T-VEC (talimogene laherparepvec; Imlygic): A gene-modified, immune-enhanced oncolytic (cancer killing) herpes simplex type I virus administered by intralesional injection to locally destroy cancer cells and induce an in situ immune response. The phase II study was designed by scientists from BioVex in collaboration with scientist-physicians at Mary Crowley and then implemented at Mary Crowley. This proceeded to become the first-in-class oncolytic immunotherapy approved by the FDA.

Vigil™: an autologous whole cell cancer vaccine transfected with a plasmid encoding both GMCSF and an innovative RNA interference moiety, bi-shRNA, targeting both the mRNA and protein translation of furin, which is the pro-protein convertase activator of both TGFβ1 and TGFβ2. The vaccine combines both the potent immunostimulatory capabilities of GMCSF with downregulation of both intrinsic immunosuppressive proteins TGFβ1 and TGFβ2. In comparison with Lucanix that resulted in ≥30% knockdown of TGFβ2, Vigil™ effects >90% knockdown. (Senzer N et al: (2012). Phase I trial of bi-shRNA(furin)/GMCSF DNA/autologous tumor cell vaccine in advanced cancer. Mol Ther 20(3):679-86). Of note, Vigil™ (previously called FANG) was conceived by physician-scientists at Mary Crowley and developed in collaboration with Gradalis, Inc.

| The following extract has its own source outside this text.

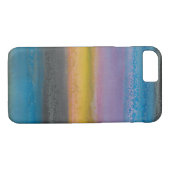 Coques Case-Mate iPhone Juniper Mist I (Dos (Horizontal))
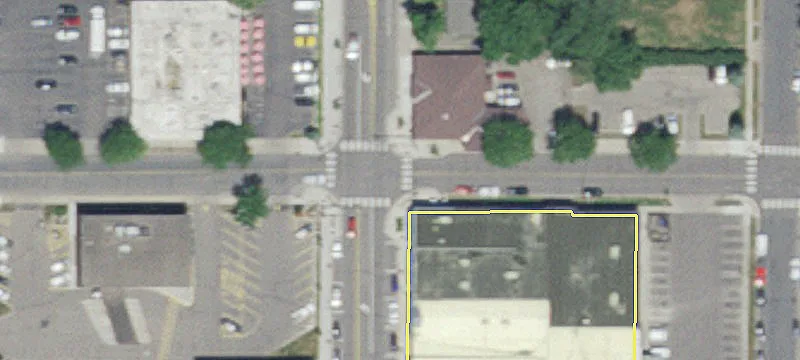 Industrial Land Near Transportation Hub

The immune activating effect of Vigil™ has been confirmed: 30 of 31 patients with advanced ovarian cancer in clinical complete remission following primary therapy without evidence of circulating cytotoxic T-cell activation (ELISPOT test) prior to vaccination all converted to positive tests following vaccination. However, in order to further enhance Vigil™ effectiveness, Mary Crowley has initiated protocols combining Vigil™ with immune checkpoint inhibitors of the PD-1/PD-L1 axis. This combination is based on the premise that 1) Vigil™ will elicit an intratumoral infiltration of cytotoxic T-cells, a proportion of which, without a checkpoint inhibitor, would develop adaptive resistance by overexpressing PD-L1 and 2) the checkpoint inhibitor will enhance the cancer directed cytotoxicity of the activated T-cells by further eliminating T-cell exhaustion.